The Afghan government's surprising new peace offer to Taliban is immediately running into a wall as the militants show no sign of shifting from their demand that talks for a conflict-ending compromise take place with Washington, not Kabul, a media report says.
Top Afghan security officials, who maintain back-channel discussions with Taliban, say formal talks are impeded by Taliban's insistence that their regime, ousted in a US-led invasion in 2001, remains Afghanistan's legitimate government, Associated Press reported on Sunday.
The new offer by the administration of President Ashraf Ghani includes incentives for militants that join negotiations and enter the political mainstream.
Ghani announced at an international conference in Kabul last week that the government would provide passports and visas to Taliban members and their families and work to remove sanctions against Taliban leaders. The group could also set up an office.
Meanwhile, US officials have conveyed messages to Taliban's political representatives in Qatar, urging the group to join talks with the Afghan government.
Alice Wells, America's top diplomat for South Asia, endorsed the overture and said the "onus" was on Taliban to demonstrate they are ready to talk "not to me or the United States, but to the sovereign and legitimate government and people of Afghanistan."
The militant group on February 28 called for direct talks with the United States in a declared bid to find a “peaceful solution” to the war in Afghanistan.
Last month, Taliban urged the "American people" to press their government to withdraw from Afghanistan. "America must end her occupation and must accept all our legitimate rights including the right to form a government consistent with the beliefs of our people."
Washington's involvement in the Afghan conflict is now in its 17th year.
Laurel Miller, who until last June was a senior American diplomat for Afghanistan and Pakistan, said the US should be clearer about what it is willing to negotiate on, including when it might start pulling forces from Afghanistan. "That could set the stage for talks," she said.
Such a timetable seems a remote prospect. Since August, when US President Donald Trump recommitted America to an indefinite military presence in the country, the US has sent in thousands of additional forces to train Afghans, bringing the total number of US troops to more than 14,000.
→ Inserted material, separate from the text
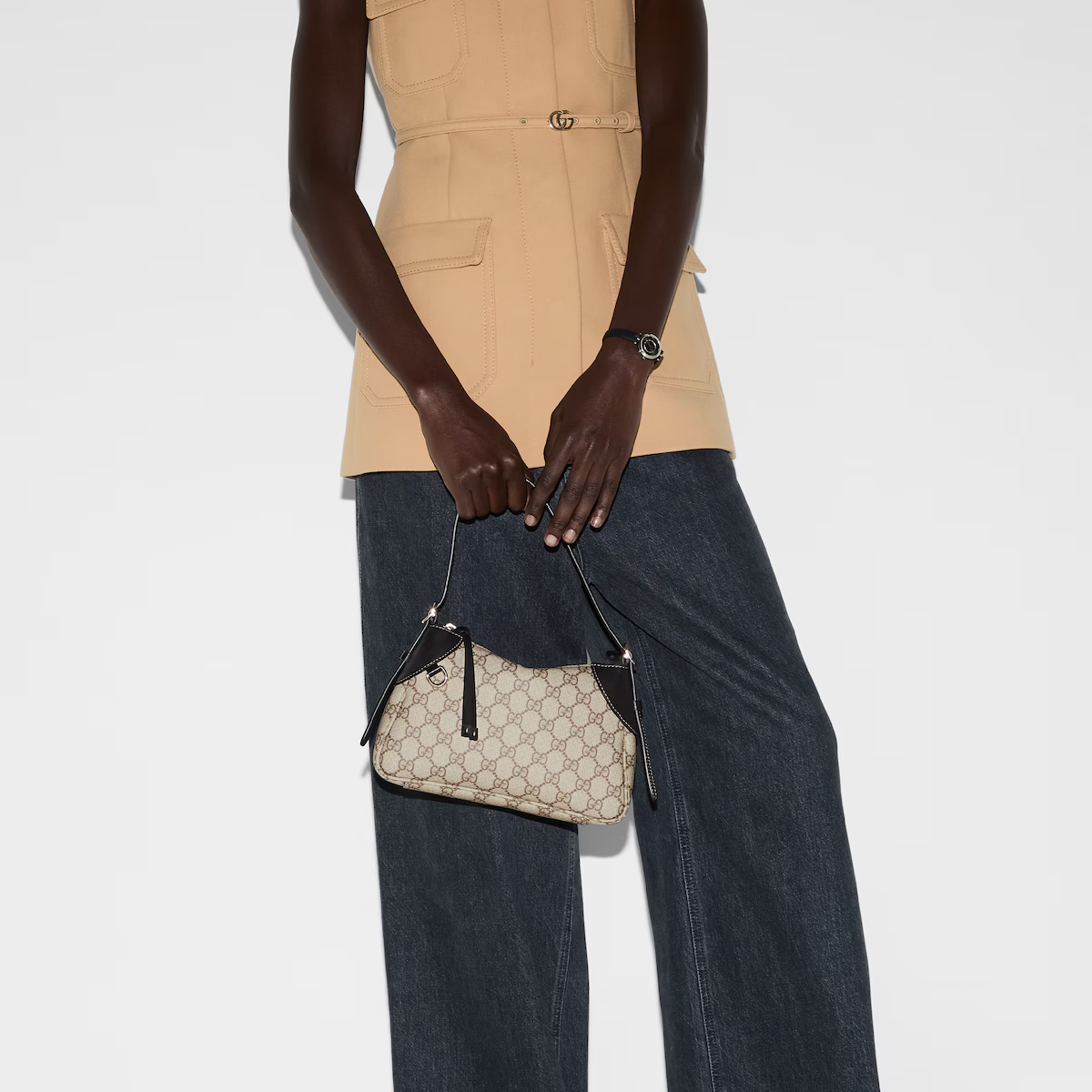 GG EMBLEM SMALL SHOULDER BAG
A peace push by the administration of former US President Barack Obama, which relied heavily on Afghanistan's neighbor Pakistan, floundered in 2015. Neighboring countries are doubtful about America's commitment to a political resolution.
For months, hopes of reviving long-stalled peace talks with Taliban have seemed virtually dead. The insurgents have continued an aggressive campaign in the countryside, where they now control or influence nearly half of Afghan territory, while staging repeated attacks in the capital despite intensified security.
Civilian casualties remain at near-peak levels, with about 10,000 reported for 2017. Since 2001, the US-led invasion has cost nearly 200,000 lives, and since 2014 additional violent attacks by regional affiliates of the Takfiri Daesh terrorists have heightened the sense of mayhem.